I don't know much about Billyland, but I'd be a little careful. Since it is all owner financed land, you are looking at some pretty high interest rates. Owner financing can get expensive fast. Some of their contracts can be a real pain to jump through. Often they want payoff pretty fast.. as in 5 years and under.

You'll also have to hire your own attorney to make sure all your bases are covered. More expense.

You might find a Realtor in that area and see what they dig up for you. You might find some better deals, and if you can go through Farm Credit for a loan, you can probably get a lot better interest rate. say like somewhere between 5 and 6%, which is a good rate on raw land right now. Of course their terms will also be dependent on your credit rating.

I see on that site, 4 year terms are 8% and 20 year are 12%... pretty outrageous, but I guess the site has to make their money some how... 

Not sure if you looked close, but what you bid will be your down payment price.. Seems they already have the property price set, and you're just bidding to win with the most down.

My guess would be that most who list land on that site is looking for a fast sale, and a lot of times undesirable land can only go at a fast fire sale for pennies on the dollar.... Looking at some of the listings, it also looks like a lot of areas that are sub divided out. .. which will mean people, and rules...


----------



## oregon woodsmok (Dec 19, 2010)

I don't know much about them, but most of what they sell is land that nobody else wants. I suspect (but don't know for sure) that they buy up land for back taxes and re-sell it.

What I've seen that they have which is not barren desert, is in places like the village of Sprague River, and they are selling for 2-3 times what the going price is if you just go through a real estate agent, or else go down there and drive around looking for "for sale" signs.

Also, I am pretty sure they are some of the guys who show photos of lovely views which aren't located within a 100 miles. Crater Lake is a very long way away from Lakeview, so it isn't quite upfront to run lovely photos of Crater Lake pretending that is close by.

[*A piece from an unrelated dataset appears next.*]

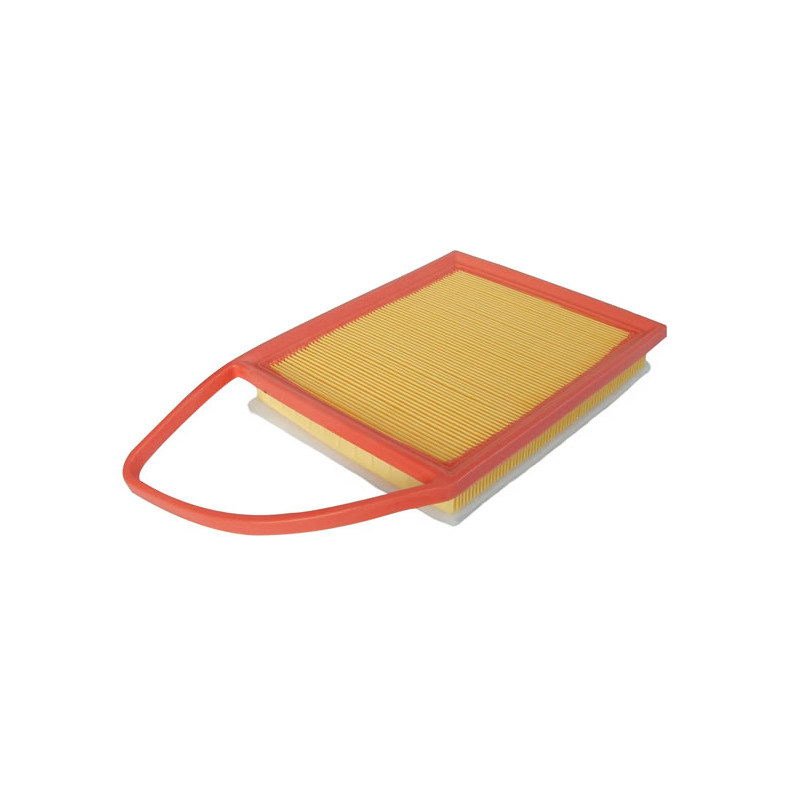 FILTRO DE AIRE EUROREPAR 1636480480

Lots of land is for sale with owner financing in the areas where they sell. Be extra careful that you get a place that has water, because a lot of land in that area doesn't.


----------



## oregon woodsmok (Dec 19, 2010)

Well, that was a mistake. I went to look at their website to see what you were looking at and now I've got billy land ads popping up all over my computer.


----------



## simi-steading (Sep 27, 2012)

I used a work computer


----------



## cindilu (Jan 27, 2008)

Okay you guys, thank-you for the answers to my questions. I will keep that in mind.


----------



## WhyNot (Jun 21, 2011)

Yes interest rates are the big thing to watch also, penalties for early payoffs...I've seen a lot of people lose their homes and land because they did not have a lawyer go over the contract and represent their interests.

To give you an idea, Cindilu, my house was recently refinanced at 2.53%....at a bank. I pay more in gas every two weeks than my house payment is, and that is with taxes in escrow as well.


----------



## cindilu (Jan 27, 2008)

Wow WhyNot, that is cheap for interest rates. I know from the Billy Land site there is no early pay off penalty and that is a huge plus. 

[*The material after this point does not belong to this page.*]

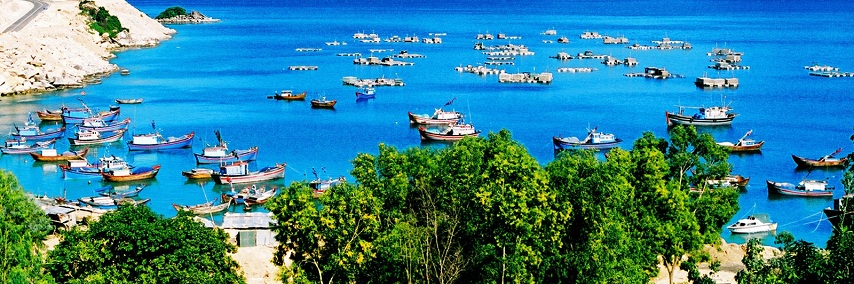 Phu Yen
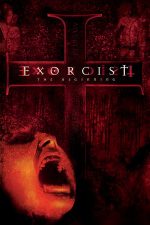 Exorcist: The Beginning – Exorcistul: Începutul (2004)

I talked with my guy this morning and we are now both on the same page with my dream. I told him today of my idea to live in a converted barn and he is all into it. We are still in the talking stages and I still need to find property. Also I would need to relocate my job so there is alot to do yet.


----------



## cindilu (Jan 27, 2008)

oregon woodsmok said:


> I don't know much about them, but most of what they sell is land that nobody else wants. I suspect (but don't know for sure) that they buy up land for back taxes and re-sell it.
> 
> What I've seen that they have which is not barren desert, is in places like the village of Sprague River, and they are selling for 2-3 times what the going price is if you just go through a real estate agent, or else go down there and drive around looking for "for sale" signs.
> 
> ...


I am glad you answered because you are somewhat familiar with the area. That helps me out alot. I really need to spend some time down there and start to look.


----------



## WhyNot (Jun 21, 2011)

cindilu said:


> Wow WhyNot, that is cheap for interest rates.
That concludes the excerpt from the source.